Fortunately, the suicidal thoughts that I was having did not progress beyond being just thoughts. The difficult part was that my brain wasn’t able to access the next thought that would help me process feeling very sad. I got stuck in the loop of a suicidal thought as my brain was essentially short-circuiting. Sadness and grieving are quite normal. I had to understand that my brain, due to ME/CFS, could not realize these were “normal” emotions when I didn’t pace myself.

If you are experiencing thoughts like these, or if you think someone you know might be experiencing something similar, you’re not alone. I highly recommend checking out our collection of community resources—I promise it’s worth it!

The Future – Living My Life with Chronic Fatigue Syndrome

finding some sunshine in chronic fatigue syndromeWith an understanding of my condition, I have been able to find and engage the brain file that gives me permission to feel.

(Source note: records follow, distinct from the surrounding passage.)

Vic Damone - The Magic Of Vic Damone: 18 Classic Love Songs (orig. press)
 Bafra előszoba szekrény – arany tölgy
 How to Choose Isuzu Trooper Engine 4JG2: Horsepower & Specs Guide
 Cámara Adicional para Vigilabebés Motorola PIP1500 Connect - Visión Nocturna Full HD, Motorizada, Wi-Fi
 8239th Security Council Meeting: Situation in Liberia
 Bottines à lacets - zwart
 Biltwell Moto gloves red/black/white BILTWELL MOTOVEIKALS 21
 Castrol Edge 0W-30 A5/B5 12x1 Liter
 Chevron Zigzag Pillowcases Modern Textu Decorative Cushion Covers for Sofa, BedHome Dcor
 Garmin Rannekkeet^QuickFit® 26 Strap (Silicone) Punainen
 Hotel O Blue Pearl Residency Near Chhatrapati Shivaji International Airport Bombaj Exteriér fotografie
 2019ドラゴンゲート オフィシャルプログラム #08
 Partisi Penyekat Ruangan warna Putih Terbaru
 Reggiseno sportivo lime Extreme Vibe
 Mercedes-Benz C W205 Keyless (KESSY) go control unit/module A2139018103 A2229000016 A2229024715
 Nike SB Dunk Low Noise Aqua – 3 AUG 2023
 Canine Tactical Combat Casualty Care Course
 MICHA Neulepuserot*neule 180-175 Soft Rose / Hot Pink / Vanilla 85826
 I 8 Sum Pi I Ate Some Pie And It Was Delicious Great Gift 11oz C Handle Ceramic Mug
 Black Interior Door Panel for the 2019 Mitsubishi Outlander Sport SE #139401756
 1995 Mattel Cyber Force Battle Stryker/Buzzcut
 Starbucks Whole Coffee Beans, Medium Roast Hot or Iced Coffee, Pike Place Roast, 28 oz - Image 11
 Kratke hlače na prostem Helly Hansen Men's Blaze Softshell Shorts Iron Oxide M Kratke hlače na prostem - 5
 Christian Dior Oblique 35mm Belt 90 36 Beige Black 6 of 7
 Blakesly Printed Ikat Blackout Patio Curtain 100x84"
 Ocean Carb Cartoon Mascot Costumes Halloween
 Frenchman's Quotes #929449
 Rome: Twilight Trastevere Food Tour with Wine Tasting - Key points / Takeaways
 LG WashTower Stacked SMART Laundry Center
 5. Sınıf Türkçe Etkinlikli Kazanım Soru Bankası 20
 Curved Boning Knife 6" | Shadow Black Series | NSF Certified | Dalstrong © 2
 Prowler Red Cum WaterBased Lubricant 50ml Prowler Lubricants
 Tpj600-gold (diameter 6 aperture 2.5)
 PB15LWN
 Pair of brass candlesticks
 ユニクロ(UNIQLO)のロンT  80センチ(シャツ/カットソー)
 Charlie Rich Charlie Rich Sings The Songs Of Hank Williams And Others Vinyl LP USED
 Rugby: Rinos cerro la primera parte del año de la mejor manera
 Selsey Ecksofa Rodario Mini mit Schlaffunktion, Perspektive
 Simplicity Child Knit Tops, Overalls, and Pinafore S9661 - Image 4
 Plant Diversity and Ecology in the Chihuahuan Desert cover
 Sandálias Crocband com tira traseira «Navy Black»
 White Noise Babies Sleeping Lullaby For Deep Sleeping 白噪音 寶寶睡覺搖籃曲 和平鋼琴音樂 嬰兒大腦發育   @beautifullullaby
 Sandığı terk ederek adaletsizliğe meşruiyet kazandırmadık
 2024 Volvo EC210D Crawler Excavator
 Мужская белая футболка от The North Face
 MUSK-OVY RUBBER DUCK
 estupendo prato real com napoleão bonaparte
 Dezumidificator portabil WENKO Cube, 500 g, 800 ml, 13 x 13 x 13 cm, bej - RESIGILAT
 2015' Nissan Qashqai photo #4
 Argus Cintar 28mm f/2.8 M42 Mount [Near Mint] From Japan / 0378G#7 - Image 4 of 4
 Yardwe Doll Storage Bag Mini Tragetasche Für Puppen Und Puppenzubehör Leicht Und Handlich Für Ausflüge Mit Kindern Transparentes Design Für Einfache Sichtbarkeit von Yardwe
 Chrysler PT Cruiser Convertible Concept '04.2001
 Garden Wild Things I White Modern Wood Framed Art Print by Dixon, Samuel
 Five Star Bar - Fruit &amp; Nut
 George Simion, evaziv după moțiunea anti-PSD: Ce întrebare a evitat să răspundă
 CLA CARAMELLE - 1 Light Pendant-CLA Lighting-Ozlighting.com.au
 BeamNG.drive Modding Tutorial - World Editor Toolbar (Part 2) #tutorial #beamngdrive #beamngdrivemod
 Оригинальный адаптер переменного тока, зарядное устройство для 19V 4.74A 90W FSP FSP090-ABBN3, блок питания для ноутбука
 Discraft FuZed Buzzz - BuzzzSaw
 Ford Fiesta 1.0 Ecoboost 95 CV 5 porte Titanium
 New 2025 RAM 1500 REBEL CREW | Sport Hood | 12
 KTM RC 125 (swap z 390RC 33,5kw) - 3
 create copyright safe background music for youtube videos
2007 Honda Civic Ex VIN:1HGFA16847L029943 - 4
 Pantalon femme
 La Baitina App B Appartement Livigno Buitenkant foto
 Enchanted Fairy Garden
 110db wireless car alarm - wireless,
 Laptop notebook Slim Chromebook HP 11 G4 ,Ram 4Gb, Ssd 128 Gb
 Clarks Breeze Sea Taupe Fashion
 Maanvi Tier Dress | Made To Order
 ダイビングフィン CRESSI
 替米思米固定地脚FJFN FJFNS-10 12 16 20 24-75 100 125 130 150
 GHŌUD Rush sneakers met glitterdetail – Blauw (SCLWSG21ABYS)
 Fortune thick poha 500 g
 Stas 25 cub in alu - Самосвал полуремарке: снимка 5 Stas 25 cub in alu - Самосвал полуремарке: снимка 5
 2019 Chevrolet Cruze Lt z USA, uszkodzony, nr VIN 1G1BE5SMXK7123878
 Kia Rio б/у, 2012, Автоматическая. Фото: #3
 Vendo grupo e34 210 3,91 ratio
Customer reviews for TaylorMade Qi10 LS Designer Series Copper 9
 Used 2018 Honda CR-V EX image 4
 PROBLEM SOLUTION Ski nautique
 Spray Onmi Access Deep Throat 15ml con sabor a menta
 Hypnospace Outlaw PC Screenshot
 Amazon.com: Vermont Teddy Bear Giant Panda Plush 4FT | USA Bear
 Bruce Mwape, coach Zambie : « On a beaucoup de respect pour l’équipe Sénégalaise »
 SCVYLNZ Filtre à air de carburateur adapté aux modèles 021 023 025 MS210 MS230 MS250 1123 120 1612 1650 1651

And then I can rationalize that feeling and move with and through it.

I am SLOWLY learning that borrowing from the mob is really not worth it. (An interesting question to ask yourself as you may potentially be doing the same in a particular area of your life.)

In the season of giving and receiving, living my life with chronic fatigue syndrome makes me feel so grateful that I have such fantastical teams in place in my home and work life.

I have loads more to share about this journey, so stay tuned.

In the meantime, check out our Facebook page and YouTube channel for more Twisted content!

Comments 10

  1. Thanks for sharing Amber… Takes courage to accept these challenges life throws at us… and even more to talk about it… nothing but positive thoughts coming your way…

  2. We’re in the process of waiting for a twisted tutor so I don’t know you personally (yet) but I just wanted to say I’m rooting for you. As someone who’s worked in the world of eating disorders/predominantly female areas of mental health (and physical), I’m sooo glad CFS is being discussed more and legitimatized. Sadly, so many issues which predominantly affect women are ignored and stigmatized as ‘in our heads’ when in fact something is going on and just because we don’t yet know why or how – does not mean it isn’t real.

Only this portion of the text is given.